Servono 1,2 milioni di assunzioni nel settore pubblico entro il 2030. È questo il numero individuato da Fp-Cgil, il sindacato di categoria che organizza i lavoratori degli enti statali e parastatali, per rispondere alle necessità occupazionali della pubblica amministrazione. La cifra è stata presentata nel rapporto “Un piano straordinario per l’occupazione nel settore pubblico”, presentato oggi, 2 dicembre, dalla sigla. Un progetto necessario, si legge nel rapporto, “per restituire dignità al lavoro e ai servizi pubblici, e per archiviare definitivamente la stagione dei tagli lineari alla spesa pubblica, del blocco del turnover, dei tetti di spesa al personale e dei mancati rinnovi dei contratti”.

Entro la fine del decennio nel settore pubblico sono previste 700mila uscite per pensionamenti, esclusi i comparti Istruzione e Ricerca. Anche per questo, oltreché per coprire i fabbisogni reali di personale, i rappresentanti dei lavoratori sostengono che serva un piano pluriennale di assunzioni stabili. “La sfida per il rinnovamento della pubblica amministrazione parte da un scommessa fondamentale sul fattore più importante: le lavoratrici e i lavoratori”, scrive Fp-Cgil, aggiungendo che dal 2000 al 2020, in Italia, si contano 200mila dipendenti pubblici in meno. Inoltre, l’età media del personale in 20 anni è cresciuta di oltre sei anni e ora si attesta sui 50 anni.

La Fp-Cgil sottolinea come le nuove assunzioni proposte potrebbero migliorare concretamente i servizi per i cittadini. Il fabbisogno di 15.145 tra cancellieri e funzionari giudiziari, per esempio, porterebbe la durata media di un processo civile a 2 anni. Il fabbisogno di 6.122 medici di emergenza e urgenza porterebbe l’attesa media in Pronto soccorso a 60 minuti. Nei servizi per l’infanzia il fabbisogno necessario a seguire i bambini da 0 a 3 anni, pari a 24.600, garantirebbe alle famiglie un educatore ogni cinque alunni, invece che ogni sette.

Nella manovra non c’è un euro per il rinnovo dei contratti pubblici che sono già scaduti, determinando il rischio di un ulteriore impoverimento delle retribuzioni, visto anche l’alto livello di inflazione“, ha commentato il segretario generale della Cgil, Maurizio Landini, nel corso della presentazione del rapporto. “Mettere al centro il lavoro pubblico e la sua funzione può essere il motore di un nuovo modello di sviluppo del Paese” ha proseguito, sottolineando anche il problema della precarietà: “In nessun altro Paese ci sono così tanti rapporti lavorativi precari”.

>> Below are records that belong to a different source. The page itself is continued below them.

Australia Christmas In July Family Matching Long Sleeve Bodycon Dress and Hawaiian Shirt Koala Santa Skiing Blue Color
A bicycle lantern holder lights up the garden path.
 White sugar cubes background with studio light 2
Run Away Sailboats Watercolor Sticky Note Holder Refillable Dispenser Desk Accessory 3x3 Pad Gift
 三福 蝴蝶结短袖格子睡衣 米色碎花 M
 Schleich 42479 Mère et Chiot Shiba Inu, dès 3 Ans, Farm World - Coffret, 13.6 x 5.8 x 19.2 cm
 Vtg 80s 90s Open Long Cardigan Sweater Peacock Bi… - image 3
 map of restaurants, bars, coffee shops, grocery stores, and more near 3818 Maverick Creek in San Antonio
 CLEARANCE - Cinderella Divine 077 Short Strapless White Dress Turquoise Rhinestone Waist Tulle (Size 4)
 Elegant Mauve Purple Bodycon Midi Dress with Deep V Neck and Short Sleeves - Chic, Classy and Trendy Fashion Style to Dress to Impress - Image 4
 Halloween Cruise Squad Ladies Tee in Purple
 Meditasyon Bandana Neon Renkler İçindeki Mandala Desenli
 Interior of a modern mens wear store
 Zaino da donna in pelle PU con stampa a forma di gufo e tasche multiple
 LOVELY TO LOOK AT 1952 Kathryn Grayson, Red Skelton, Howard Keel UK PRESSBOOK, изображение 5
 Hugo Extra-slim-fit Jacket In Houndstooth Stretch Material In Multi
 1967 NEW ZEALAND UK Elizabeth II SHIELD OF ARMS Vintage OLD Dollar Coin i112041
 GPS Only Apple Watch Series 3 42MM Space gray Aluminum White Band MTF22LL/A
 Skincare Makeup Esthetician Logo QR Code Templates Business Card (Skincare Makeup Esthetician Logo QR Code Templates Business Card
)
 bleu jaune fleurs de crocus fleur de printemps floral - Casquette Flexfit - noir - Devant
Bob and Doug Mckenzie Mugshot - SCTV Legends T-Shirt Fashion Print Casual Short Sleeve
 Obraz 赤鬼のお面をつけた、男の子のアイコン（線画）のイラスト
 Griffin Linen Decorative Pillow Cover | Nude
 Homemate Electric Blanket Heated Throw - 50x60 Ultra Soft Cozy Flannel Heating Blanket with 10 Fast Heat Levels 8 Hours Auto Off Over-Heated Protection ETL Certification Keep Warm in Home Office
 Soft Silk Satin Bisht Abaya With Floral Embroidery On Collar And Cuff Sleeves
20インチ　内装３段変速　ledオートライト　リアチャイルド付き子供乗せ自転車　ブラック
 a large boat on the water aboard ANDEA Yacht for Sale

Infine, Landini ha affrontato il tema della detassazione del lavoro: “Bisogna agire sul versante fiscale con una riforma degna di questo nome che aumenti il netto in busta paga a partire dai redditi più bassi”. La specifica del segretario arriva nel giorno in cui l’Organizzazione internazionale del lavoro (Ilo), ha diffuso il Global Wage Report 2022-23. I dati sull’Italia che emergono dal rapporto sono preoccupanti: dal 2008 nel nostro Paese i salari, in termini reali, sono più bassi del 12%. “L’Australia e la Repubblica della Corea mostrano una crescita dei salari reali in forte aumento nel periodo 2008-22 – si legge nel report – mentre Italia, Giappone e Regno Unito sono gli unici paesi nel campione di economie avanzate del G20 dove i salari nel 2022 sono al di sotto del loro valore reale nel 2008. I salari reali nel 2022 – continua il documento – valevano in Italia, Giappone e Regno Unito, rispettivamente il 12%, il 2% e il 4% in meno che nel 2008″.